New York Times - House Passes Student Loan Bill Despite Veto Threat

News Article

By Jennifer Steinhauer

Moments after an unusual fiery appeal from Speaker John A. Boehner, the House ignored a veto threat from President Obama and voted 215 to 195 on Friday to prevent a doubling of student loan rates.

The bill, which would strip $5.9 billion from a program within the health care law to pay to keep rates on subsidized undergraduate loans at 3.4 percent, is all but certain to fail in the Senate, where lawmakers have put together their own measure to keep the rate from reverting to 6.8 percent by closing tax loopholes for some wealthy business owners.

While the House legislation has little chance of becoming law in its current form, the bill -- the last piece of legislation considered before a one-week recess -- was an instructive metaphor for the current state of Congressional politics.

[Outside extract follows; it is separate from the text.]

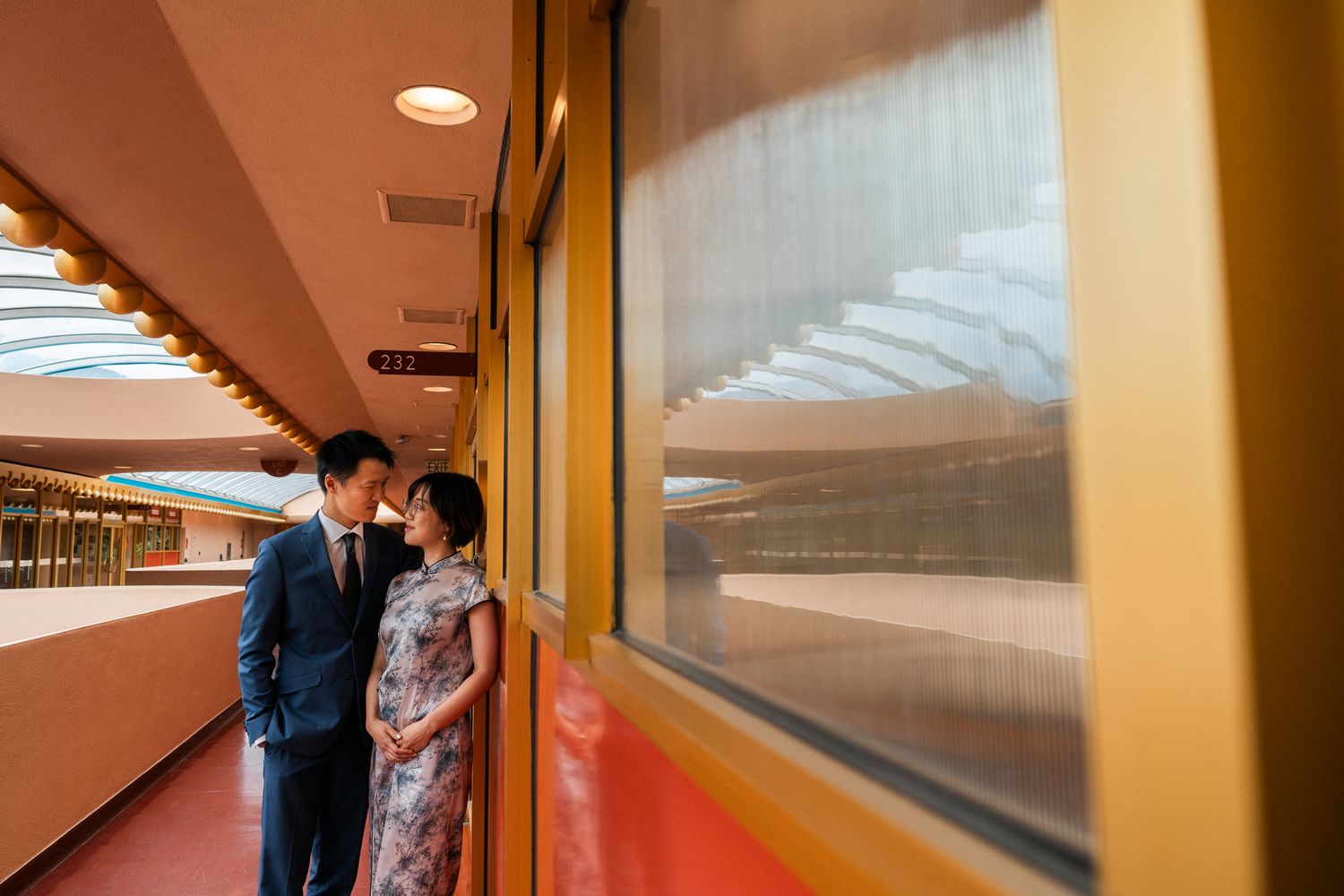 Couple in formal attire sharing an intimate moment in a colorful mid-century modern architectural corridor.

As with other measures designed to appeal to middle-class voters, the fight between Democrats and Republicans was less over the substance of the bill than how to pay for it, with Republicans, as they have all year, looking to cut government spending and Democrats, as has been their approach, looking to extract more money from high earners.

Republicans, continuing their yearlong assault on the health care law, proposed it as a source for the money while Democrats, persisting with their accusation that the other party has been waging a "war on women," pushed that meme further, arguing that the money would reduce spending on preventive health programs.

In an election-year twist, 13 Democrats, largely moderates facing tough re-election fights, actually pushed the bill to passage, because 30 Republicans voted against the measure, either because they did not believe in a subsidized loan program or the short-term nature of the solution. Tellingly, hours before the vote, the Club for Growth, a conservative pro-business group, issued a warning against voting for the bill.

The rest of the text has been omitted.